What else should I consider? How dumb of an idea is it to buy this property?

Thanks for any advice (at least if it’s serious or at least really funny).

There’s some well respected authorities that claim there is a real estate bubble in the US. This claim is based on the easy financing and low interest rates which have sustained growth in this market even while the rest of the economy has been sputtering. The theory is that once interest rates begin rising, the number of buyers will decline drastically. If the economy grows slowly, this could also spell trouble for owners who may have trouble paying their mortgages if interest rates rise (many have financed with adjustable rate mortgages). I would advise a lot of caution, especially since you say that you would have to tie up most of your assets in this deal. It is very risky to put all of your net worth in one type of investment. Now true, if real estate tanks at least you still have the land, but you may end up regretting it all the same.

I would recommend reading the book “The Coming Crash in the Housing Market” by John Talbott so you are aware of the risks in the US real estate market.

IF the land is truly spectacular it’s probably a good investment long term. Most important is the crime rate and planning law right?
People always want something special and they WILL pay for it. There will always be rich people who want something nice.

If you wanted to invest in property for investment purposes prime areas are eastern european countries close to rich countries like Poland, Czech republic, Hungary, Slovakia, with well educated populations and stable govt and spectacular scenery. If the country has a high birth rate the land does not have to be special to be pretty assured of making a gain.

They dont keep making ‘spectacular’ land, rather it keeps on disappearing, anything like that in a stably governed country with a diversified economy is bound to be fairly solid in the long term.

jlick, I sold my house in Seattle because I likewise think there is a bubble. (In fact, Seattle prices fell 3% in the last year. I think they have room to fall much further. I don’t expect rates to rise much, though.) I think this area will be sheltered from the drop because it’s on an island which is becoming a rich folks’ playground, and almost all of the good-quality land has been bought. It is geographically limited; a buyer can’t just go up the road a few miles and live with a ten-minute-longer commute.

HH2, it’s in the U.S., the crime rate is miniscule, and local zoning requires a minimum of five acres (this parcel is eight). Water is an issue on the island, but this parcel has a 20gpm well, enough for at least five families.

Five years ago, when all my money was locked up in the house, acreage of this quality was readily available out there. This year, this is the only parcel I’ve seen which was buildable flat pastureland. Another piece I saw, for almost the same price, was five acres of rock on a mountainside with no water, power, or phone; the only thing going for it was a really sweet view, but to make it livable would have required serious engineering and huge costs – the only water available would be rainwater catchment unless a welldigger got severely lucky (after drilling through 400ft of rock).

I would think this one out a bit more.

  1. Are there going to be rich people willing to follow you to buy this property if you need/want to sell it?

  2. How long does the average lot stay on the market?

  3. Is it that important to have?

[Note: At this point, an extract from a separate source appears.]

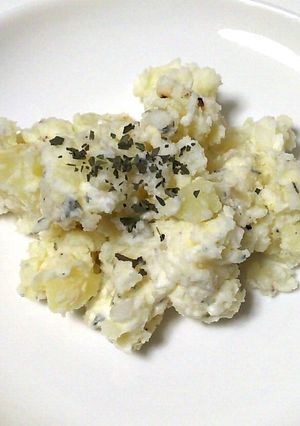 サワークリームオニオンのポテトサラダ*ﾟ-レシピのメイン写真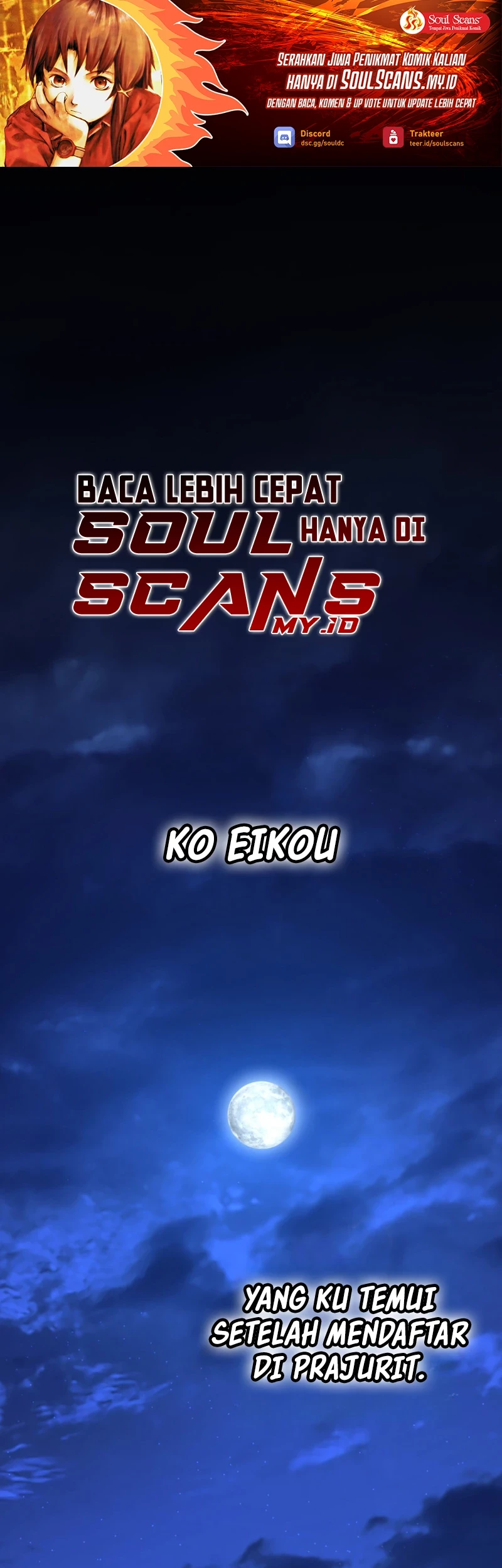 Unrivaled Spear Demon Chapter 3 - halaman 2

Housing is a difficult investment and requires a lot of thought. Housing bubbles can also make pricing difficult.

  4. Could you earn a higher return investing the money elsewhere?

  5. What is the likelyhood of a distressed asset sale from someone else and you

  6. Have you gone through the local county records(liens, clouds on the title, etc) on this plot and/or talked to the owner? Why are they selling?

I’m sure we could give you ideas, but without knowing the full situation it’s like pissing in the dark.


According to Rich Dad Poor Dad, by Robert T Kiyosaki

Look at pp. 96 - 97

“…money has a way of making every decision emotional.”
I will summarize:
Most people are paying for a property all their life. When they pay off enough, they buy another house. The property taxes can go up quickly and put a big burden on you. Property doesn’t always go up in value.
Finally, you miss opportunities.
So, he advises a young couple to invest in an investment portfolio.
If you invest in property instead of a portfolio you will lose:

  1. time
  2. investment capital
  3. you must maintain your property
  4. you won’t learn how to buy a good investment.